[PATCH v3 06/13] drm/xe: Add callback support for driver remove

Lucas De Marchi lucas.demarchi at intel.com
Wed Feb 12 05:45:38 UTC 2025


On Mon, Feb 10, 2025 at 12:41:46PM -0500, Rodrigo Vivi wrote:
>On Fri, Feb 07, 2025 at 02:19:38PM -0800, Lucas De Marchi wrote:
>> xe device probe uses devm cleanup in most places. However there are a
>> few that are not possible: when the driver interacts with other
>
>"few cases where this is not possible" ?!
>
>> subsystems that require the cleanup to happen before the device being
>> removed from the bus.
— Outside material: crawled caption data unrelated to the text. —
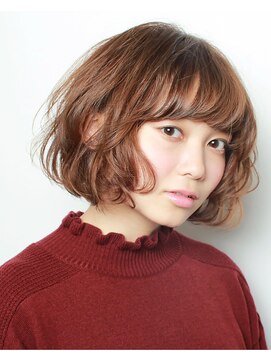 ルク(RUKU) 大人可愛い20代30代40代ミディアムヘア/ボブパーマ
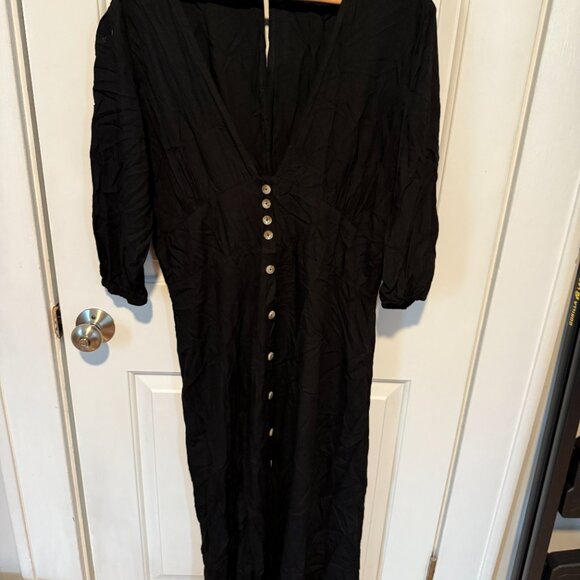 Bali Elf whisper light button up midi dress - Picture 3 of 5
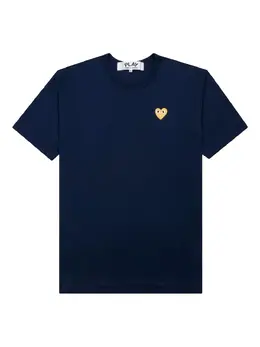 Comme Des Garçons Play: Хлопковая футболка  Heart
One example is the component_* APIs used by
>> xe_gsc_proxy and display.
>>
>> Add a callback-based remove so the exception don't make the probe
>> use multiple error handling styles.
>>
>> Cc: Daniele Ceraolo Spurio <daniele.ceraolospurio at intel.com>
>> Cc: Rodrigo Vivi <rodrigo.vivi at intel.com>
>> Cc: Thomas Hellström <thomas.hellstrom at linux.intel.com>
>> Signed-off-by: Lucas De Marchi <lucas.demarchi at intel.com>
>> ---
>>  drivers/gpu/drm/xe/xe_device.c               | 59 ++++++++++++++++++++
>>  drivers/gpu/drm/xe/xe_device.h               |  4 ++
>>  drivers/gpu/drm/xe/xe_device_remove_action.h | 24 ++++++++
>>  drivers/gpu/drm/xe/xe_device_types.h         | 15 +++++
>>  drivers/gpu/drm/xe/xe_pci.c                  |  4 +-
>>  5 files changed, 105 insertions(+), 1 deletion(-)
>>  create mode 100644 drivers/gpu/drm/xe/xe_device_remove_action.h
>>
>> diff --git a/drivers/gpu/drm/xe/xe_device.c b/drivers/gpu/drm/xe/xe_device.c
>> index 90275531653fe..5fc4e696262f9 100644
>> --- a/drivers/gpu/drm/xe/xe_device.c
>> +++ b/drivers/gpu/drm/xe/xe_device.c
>> @@ -747,6 +747,9 @@ int xe_device_probe(struct xe_device *xe)
>>  	u8 last_gt;
>>  	u8 id;
>>
>> +	xe->probing = true;
>> +	INIT_LIST_HEAD(&xe->remove_action_list);
>> +
>>  	xe_pat_init_early(xe);
>>
>>  	err = xe_sriov_init(xe);
>> @@ -892,6 +895,8 @@ int xe_device_probe(struct xe_device *xe)
>>
>>  	xe_vsec_init(xe);
>>
>> +	xe->probing = false;
>> +
>>  	return devm_add_action_or_reset(xe->drm.dev, xe_device_sanitize, xe);
>>
>>  err_fini_display:
>> @@ -911,6 +916,58 @@ int xe_device_probe(struct xe_device *xe)
>>  	return err;
>>  }
>>
>> +/**
>> + * xe_device_call_remove_actions - Call the remove actions
>> + * @xe: xe device instance
>> + *
>> + * This is only to be used by xe_pci and xe_device to call the remove actions
>> + * while removing the driver or handling probe failures.
>> + */
>> +void xe_device_call_remove_actions(struct xe_device *xe)
>> +{
>> +	struct xe_device_remove_action *ra;
>> +
>> +	list_for_each_entry(ra, &xe->remove_action_list, node)
>> +		ra->remove(ra);
>> +
>> +	xe->probing = false;
>> +}
>> +
>> +/**
>> + * xe_device_add_remove_action - Add an action to run on driver removal
>> + * @xe: xe device instance
>> + * @ra: pointer to the object embedded into the object to cleanup
>> + * @remove: function to execute. The @ra is passed as argument
>> + *
>> + * Example:
>> + *
>> + * .. code-block:: c
>> + *
>> + *	static void foo_remove(struct xe_device_remove_action *ra)
>> + *	{
>> + *		struct xe_foo *foo = container_of(ra, struct xe_foo, remove_action);
>> + *		...
>> + *	}
>> + *
>> + *	int xe_foo_init(struct xe_foo *foo)
>> + *	{
>> + *		...
>> + *		xe_device_add_remove_action(xe, &foo->remove_action, foo_remove);
>> + *		...
>> + *		return 0;
>> + *	};
>
>Although the cover letter mention that this should be the exception, the
>documentation here doesn't make that so clear.
>
>I believe we should be more clear on what cases this structure is aiming
>and some basic rules on when to go here instead of devm or drmm.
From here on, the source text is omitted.